NLP (上) — machine translation
A translator emits one token at a time, and is graded only at the end. That is a sequential token-action MDP with a terminal, non-differentiable reward — which is exactly the shape that the lesson 10 policy gradient was built for. Today we use it to fix a bug that the usual training objective, cross-entropy, bakes in: exposure bias.
- Policy gradient — lesson 10. The proven estimator ∇J = 𝔼[ G · ∇log πθ ], the reward-to-go and the baseline. Here the "policy" is a language model, the "action" is a token, and the return is a single number handed back after the whole sentence is written. Self-critical sequence training is REINFORCE with the baseline trick of lesson 10.
- Foreshadows RLHF — lesson 16. "Optimize a sequence-level reward you cannot differentiate" is the exact move RLHF makes — only there the reward is a learned human-preference model instead of BLEU. Get the mechanism here on a clean, checkable metric; meet the human-sourced version in lesson 16.

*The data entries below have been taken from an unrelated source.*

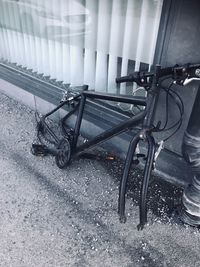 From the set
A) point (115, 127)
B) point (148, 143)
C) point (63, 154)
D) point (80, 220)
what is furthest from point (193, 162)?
point (63, 154)

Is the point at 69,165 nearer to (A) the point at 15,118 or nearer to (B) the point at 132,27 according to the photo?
(A) the point at 15,118

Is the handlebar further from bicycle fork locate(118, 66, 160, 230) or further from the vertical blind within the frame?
the vertical blind

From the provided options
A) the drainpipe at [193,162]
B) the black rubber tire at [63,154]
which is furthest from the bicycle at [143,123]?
the drainpipe at [193,162]

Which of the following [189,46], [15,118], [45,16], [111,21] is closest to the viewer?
[189,46]

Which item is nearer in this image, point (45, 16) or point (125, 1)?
point (125, 1)

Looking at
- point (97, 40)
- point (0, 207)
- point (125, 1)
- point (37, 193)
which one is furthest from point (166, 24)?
point (0, 207)

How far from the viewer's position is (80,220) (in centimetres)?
Result: 313

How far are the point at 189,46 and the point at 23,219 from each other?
2.56 metres

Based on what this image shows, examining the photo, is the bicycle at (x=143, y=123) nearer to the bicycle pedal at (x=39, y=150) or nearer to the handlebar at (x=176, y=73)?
the handlebar at (x=176, y=73)

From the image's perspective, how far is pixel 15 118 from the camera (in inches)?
191

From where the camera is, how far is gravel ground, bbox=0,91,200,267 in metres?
2.76

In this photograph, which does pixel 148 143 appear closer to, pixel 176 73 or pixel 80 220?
pixel 176 73

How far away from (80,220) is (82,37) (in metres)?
2.45

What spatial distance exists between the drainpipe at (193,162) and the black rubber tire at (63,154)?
1.49m
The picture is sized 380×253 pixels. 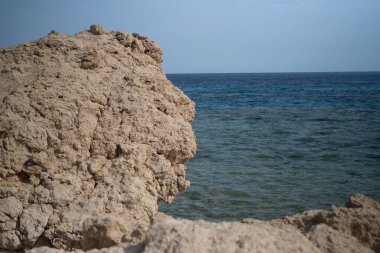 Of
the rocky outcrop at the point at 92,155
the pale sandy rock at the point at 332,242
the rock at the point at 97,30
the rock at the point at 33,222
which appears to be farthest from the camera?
the rock at the point at 97,30

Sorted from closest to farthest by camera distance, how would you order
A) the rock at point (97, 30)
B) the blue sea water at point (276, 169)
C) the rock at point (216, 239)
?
the rock at point (216, 239) → the rock at point (97, 30) → the blue sea water at point (276, 169)

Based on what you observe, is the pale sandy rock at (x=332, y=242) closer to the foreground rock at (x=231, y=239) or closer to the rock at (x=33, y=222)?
the foreground rock at (x=231, y=239)

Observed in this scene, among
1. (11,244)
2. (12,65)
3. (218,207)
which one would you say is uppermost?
(12,65)

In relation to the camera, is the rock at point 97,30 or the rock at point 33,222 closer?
the rock at point 33,222

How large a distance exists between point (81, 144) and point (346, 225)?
2802 millimetres

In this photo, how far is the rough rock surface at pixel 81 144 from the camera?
340 centimetres

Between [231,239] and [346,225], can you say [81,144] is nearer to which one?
[231,239]

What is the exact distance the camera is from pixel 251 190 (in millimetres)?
8570

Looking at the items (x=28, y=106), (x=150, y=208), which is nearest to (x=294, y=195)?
(x=150, y=208)

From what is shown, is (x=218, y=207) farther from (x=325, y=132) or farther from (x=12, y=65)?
(x=325, y=132)

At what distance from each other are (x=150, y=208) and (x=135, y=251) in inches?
57.0

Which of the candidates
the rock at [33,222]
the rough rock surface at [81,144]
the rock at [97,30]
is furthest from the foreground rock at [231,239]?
the rock at [97,30]

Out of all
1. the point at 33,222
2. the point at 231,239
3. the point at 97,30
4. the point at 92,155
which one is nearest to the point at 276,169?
the point at 97,30

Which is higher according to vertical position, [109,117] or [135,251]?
[109,117] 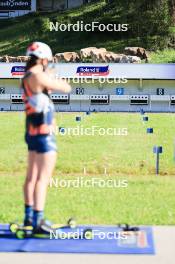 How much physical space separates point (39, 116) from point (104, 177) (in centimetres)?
647

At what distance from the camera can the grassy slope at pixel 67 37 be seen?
163ft

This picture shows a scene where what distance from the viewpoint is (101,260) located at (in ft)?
18.8

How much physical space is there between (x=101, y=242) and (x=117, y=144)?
1164cm

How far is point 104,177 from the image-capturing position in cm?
1202

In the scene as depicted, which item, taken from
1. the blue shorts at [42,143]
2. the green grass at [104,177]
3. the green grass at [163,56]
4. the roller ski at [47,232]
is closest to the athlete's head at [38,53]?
the blue shorts at [42,143]

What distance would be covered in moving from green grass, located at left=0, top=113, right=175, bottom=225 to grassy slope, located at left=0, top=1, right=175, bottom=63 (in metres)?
27.2

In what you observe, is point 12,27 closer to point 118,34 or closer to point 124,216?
point 118,34

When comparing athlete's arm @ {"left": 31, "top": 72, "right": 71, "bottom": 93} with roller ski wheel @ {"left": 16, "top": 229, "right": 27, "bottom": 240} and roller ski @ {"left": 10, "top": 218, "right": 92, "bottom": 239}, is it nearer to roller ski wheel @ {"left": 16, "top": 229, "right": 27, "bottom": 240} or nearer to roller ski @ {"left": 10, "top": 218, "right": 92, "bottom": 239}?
roller ski @ {"left": 10, "top": 218, "right": 92, "bottom": 239}

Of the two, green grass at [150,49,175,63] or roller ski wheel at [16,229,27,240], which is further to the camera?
green grass at [150,49,175,63]

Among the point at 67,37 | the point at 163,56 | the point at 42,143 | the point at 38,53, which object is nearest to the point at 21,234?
the point at 42,143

Generation IS a sequential token-action MDP
Decode a translation and watch the loop. You hold the source sentence plus everything you have written so far; you choose the next word; you append it; repeat until you emit the end-of-sentence token. That is the agent–environment loop from the orientation, term for term:
| MDP (lesson 01) | Text generation (translation) | Symbol |
|---|---|---|
| state st | source sentence + tokens generated so far | st = (x, y<t) |
| action at | the next token to emit (one word from the vocabulary) | at = yt ∈ V |
| policy πθ(a|s) | the model's next-token distribution | πθ(yt | x, y<t) |
| transition | deterministic: append the chosen token | st+1 = st ⊕ at |
| reward r | a sequence-level score, e.g. BLEU vs the reference | 0 until the end, then r = BLEU(y, y*) |
One feature dominates everything below: the reward is terminal. You learn nothing per token. Only after the full sentence y = (y1…yT) is complete can the metric look at it and return a single scalar. So the return attached to every token is the same end-of-episode number — this is the long-horizon, sparse-reward credit-assignment problem the spine kept warning about, in its purest form.

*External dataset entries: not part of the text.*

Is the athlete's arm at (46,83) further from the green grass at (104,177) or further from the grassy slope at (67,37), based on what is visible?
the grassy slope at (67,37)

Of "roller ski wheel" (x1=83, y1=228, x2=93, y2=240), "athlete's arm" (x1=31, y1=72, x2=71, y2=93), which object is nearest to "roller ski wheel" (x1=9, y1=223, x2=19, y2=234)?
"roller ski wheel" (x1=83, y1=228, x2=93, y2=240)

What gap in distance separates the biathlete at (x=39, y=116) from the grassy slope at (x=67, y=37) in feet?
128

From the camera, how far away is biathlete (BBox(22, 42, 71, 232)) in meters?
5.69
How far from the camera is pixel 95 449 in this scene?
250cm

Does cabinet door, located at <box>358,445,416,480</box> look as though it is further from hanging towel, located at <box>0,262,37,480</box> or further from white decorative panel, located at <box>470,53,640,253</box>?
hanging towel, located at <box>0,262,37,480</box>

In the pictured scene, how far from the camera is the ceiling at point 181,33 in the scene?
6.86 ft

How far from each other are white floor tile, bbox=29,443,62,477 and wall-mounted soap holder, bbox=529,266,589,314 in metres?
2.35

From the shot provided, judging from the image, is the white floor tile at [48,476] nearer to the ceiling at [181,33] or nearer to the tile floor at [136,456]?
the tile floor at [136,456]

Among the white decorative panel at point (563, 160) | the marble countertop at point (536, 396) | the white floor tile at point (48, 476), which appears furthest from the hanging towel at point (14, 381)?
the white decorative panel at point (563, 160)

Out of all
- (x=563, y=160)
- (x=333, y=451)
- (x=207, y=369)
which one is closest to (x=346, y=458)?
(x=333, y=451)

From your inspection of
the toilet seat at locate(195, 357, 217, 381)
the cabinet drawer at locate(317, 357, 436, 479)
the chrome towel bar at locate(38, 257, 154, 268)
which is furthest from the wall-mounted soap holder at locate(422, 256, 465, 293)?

The metric you are graded on is not the loss you train on
How is a translation model actually trained? Almost always by teacher-forced cross-entropy: maximize the log-probability of the human reference token, position by position, while feeding the ground-truth prefix at every step.
Note the starred prefix y*<t: at training time, to predict token t the model conditions on the true first t−1 tokens, never on its own. This is supervised, instructive learning — there is one correct token at each position and the gradient is certain (the orientation's "instructive, not evaluative" feedback). It is fast and stable. It also has two cracks that policy gradient was made to fill:
- It optimizes the wrong objective. Per-token likelihood is not BLEU. A translation can put high probability on every reference word yet score poorly as a sentence (wrong word order, a dropped negation), and two outputs with identical cross-entropy can have very different BLEU. You are graded on a sequence-level metric you never directly optimized.

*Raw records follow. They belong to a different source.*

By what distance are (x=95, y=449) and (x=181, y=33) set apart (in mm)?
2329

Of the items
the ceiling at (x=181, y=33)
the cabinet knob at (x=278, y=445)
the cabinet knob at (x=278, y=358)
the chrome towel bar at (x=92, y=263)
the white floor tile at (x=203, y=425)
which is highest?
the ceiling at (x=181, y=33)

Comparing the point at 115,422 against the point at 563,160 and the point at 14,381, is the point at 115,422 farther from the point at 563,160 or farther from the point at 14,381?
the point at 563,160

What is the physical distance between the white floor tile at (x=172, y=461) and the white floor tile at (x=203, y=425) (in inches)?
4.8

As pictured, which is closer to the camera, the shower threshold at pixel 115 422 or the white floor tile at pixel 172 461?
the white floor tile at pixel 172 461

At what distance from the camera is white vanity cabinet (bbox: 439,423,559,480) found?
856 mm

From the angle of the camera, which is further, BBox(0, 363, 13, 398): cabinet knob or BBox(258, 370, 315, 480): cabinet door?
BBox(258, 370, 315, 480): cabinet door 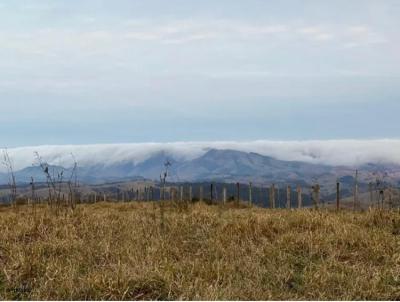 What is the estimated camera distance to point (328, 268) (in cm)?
811

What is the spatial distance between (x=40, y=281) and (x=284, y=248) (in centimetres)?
400

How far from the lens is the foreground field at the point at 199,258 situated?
694cm

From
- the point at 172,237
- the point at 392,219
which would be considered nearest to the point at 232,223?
the point at 172,237

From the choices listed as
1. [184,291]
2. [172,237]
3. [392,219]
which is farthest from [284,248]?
[392,219]

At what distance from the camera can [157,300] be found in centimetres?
670

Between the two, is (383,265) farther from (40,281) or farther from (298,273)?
(40,281)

- BLEU is non-differentiable. It counts n-gram overlaps and clips them — there is no ∂BLEU/∂θ to backprop. You cannot simply "make the loss be BLEU" and call gradient descent.
Exposure bias: the train/test mismatch the loss can't see
The deeper crack is the starred prefix. During training the model only ever sees correct history. At test time there is no reference to feed — the model must condition on the tokens it just generated, some of which will be wrong. It is now in a state it never visited during training, makes a slightly worse next prediction, which makes the next state worse still, and the errors compound down the sentence. This is exposure bias.
TRAIN (teacher forcing) TEST (free-running)
---------------------- -------------------
predict y_t | given y*_<t predict y_t | given ŷ_<t (its OWN tokens)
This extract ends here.